Ницше и Иван Карамазов

Шашков Дмитрий
Мировоззрение Ивана Карамазова, одного из самых ярких персонажей Достоевского, часто ассоциируется прежде всего с известной фразой о "слезинке ребенка". "Представь, что это ты сам возводишь здание судьбы человеческой с целью в финале осчастливить людей, дать им наконец мир и покой, но для этого необходимо и неминуемо предстояло бы замучить всего лишь одно только крохотное созданьице, вот того самого ребеночка, бившего себя кулачонком в грудь, и на неотомщенных слезках его основать это здание, согласился ли бы ты быть архитектором на этих условиях, скажи и не лги!" («Братья Карамазовы», Книга 5, Глава 4 "Бунт")
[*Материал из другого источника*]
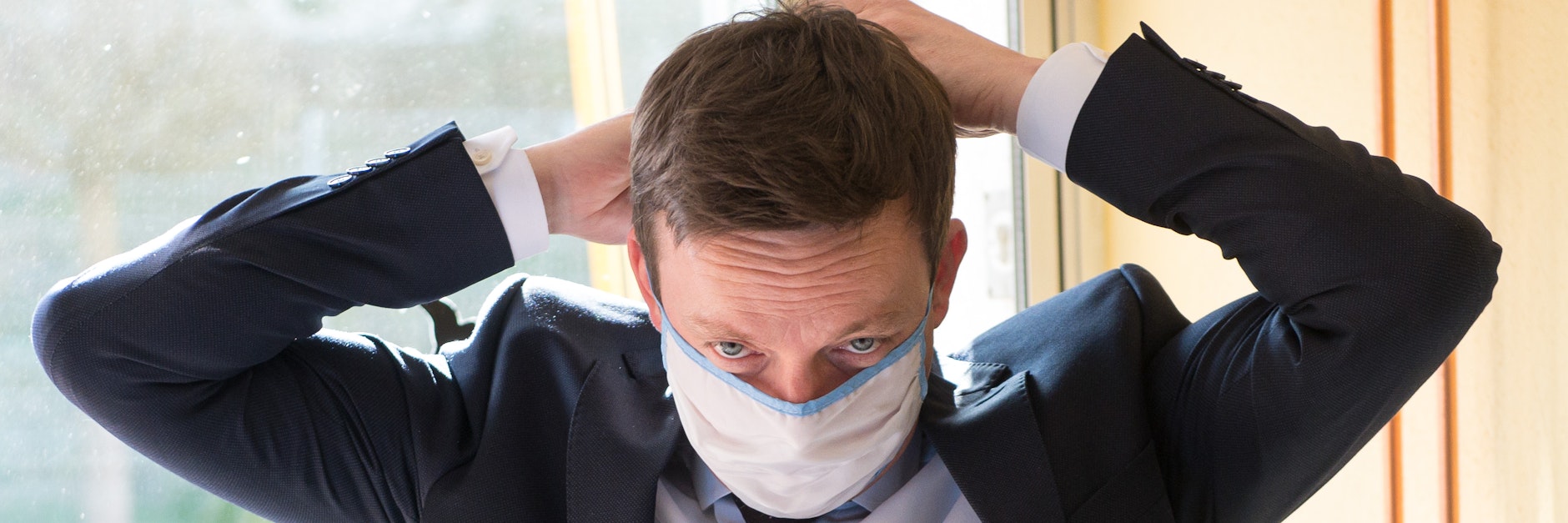 Landeschef Tobias Hans (CDU) hatte Angst, sich bei einem&nbsp;positiv getesteten Personenschützer angesteckt zu haben.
Однако на это недоумение, тут же после пространного монолога Ивана, отвечает его брат Алёша словами о Том, кто Сам отдал "неповинную кровь Свою за всех и за всё. ... на Нем-то и созиждается здание, и это Ему воскликнут: «Прав ты, Господи, ибо открылись пути твои»." (Там же)
Действительно, "бунт" Ивана оказывается здесь не против христианства, ведь в замысле Божием о мире нет никакого зла, никаких "слезинок ребенка". Зло есть неправильно направленная свободная воля людей и падших ангелов; зло для Божьего творения - явление лишнее и ненужное, и более того, в конечном итоге уничтоженное, когда "отрет Бог всякую слезу с очей их, и смерти не будет уже; ни плача, ни вопля, ни болезни уже не будет, ибо прежнее прошло." (Откр.21:4) И даже временное зло, совершаемое тварями, промыслительно направляется Богом ко благу, как предательство Христа Иудой послужило ко спасению мира Жертвой Христовой.
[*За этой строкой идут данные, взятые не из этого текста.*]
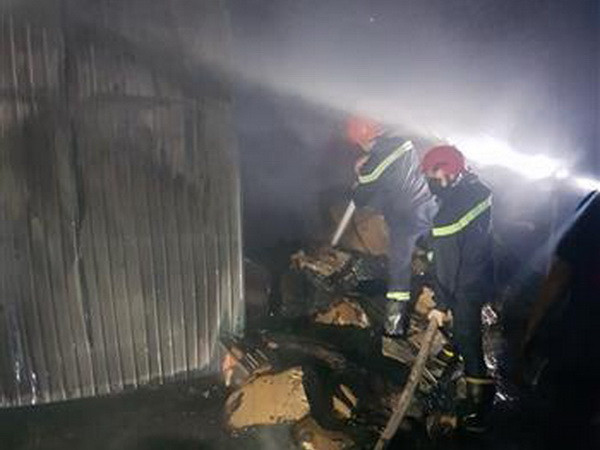 Bình Dương: Kịp thời dập tắt đám cháy tại kho hàng rộng 7.000m2 ảnh 1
Высказанная Иваном идея о строительстве на жертве-ребенке является отсылкой к распространённой языческой практике принесения в жертву ребенка перед важным начинанием, как царь Агамемнон свою дочь Ифигению перед поход на Трою, или в критической ситуации, как царь города Моава своего сына-наследника при штурме города израильтянами (4-я цар. 3:26-27). Эта практика неоднократно осуждается ещё в Ветхом Завете. (Лев. 18:21; 20:2; 4-я цар.23:10; Пс.105:37)
Однако духом этой практики руководствовались в Новое и Новейшее время многие строители "светлого будущего", руководимые принципом "цель оправдывает средства"...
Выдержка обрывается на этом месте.